Friday, February 26, 2010

Cruciform Worship

 
Psalm 67:1-2

1May God be gracious to us and bless us
       and make his face shine upon us,
 2 that your ways may be known on earth,
       your salvation among all nations.




A leader in the denomination I serve has asked an important question. Why do we make a distinction between "vertical" and "horizontal" words and actions and songs? If the second command is like the first, then why separate them? This is a question of integrity and I think it's a no-brainer, so I'm simply going to draw an obvious conclusion from it:

We need to write and sing songs that deal both with the vertical in Heaven and Earth and the horizontal in the Church and the Nations as though they are all meant to be addressed at once.

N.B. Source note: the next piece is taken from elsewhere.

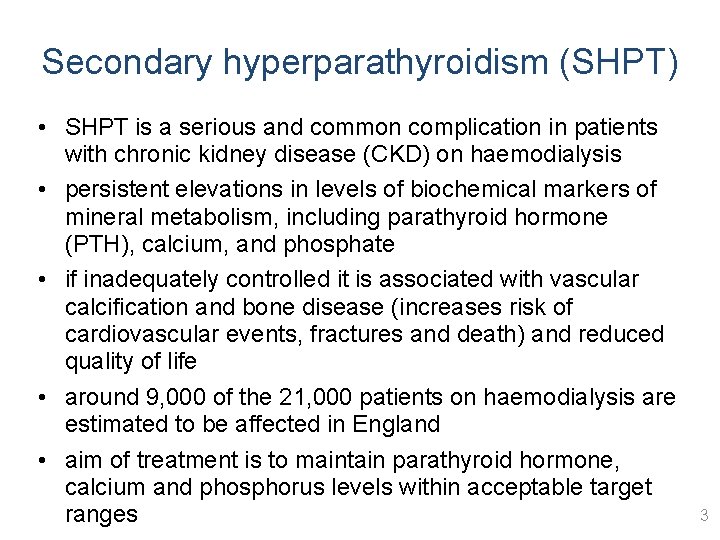 Secondary hyperparathyroidism (SHPT) • SHPT is a serious and common complication in patients with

Our Sacred Head was crucified at the point where these concepts intersect and are reconciled in space and time. A post and a crossbeam formed the image to which our every movement must conform. We need to write and sing songs that make no distinction between loving God and loving people. 

I'm not saying that your favorite hymn is unacceptable for worship because it's not holistic enough. (I'm also not not saying that.) But what I am saying is that if Christ is supreme in all things and in all ways, then we should strive to sing and write songs that see mission as a natural conclusion of worship and the reconciliation of heaven and earth as inevitable and pursuant to our existence.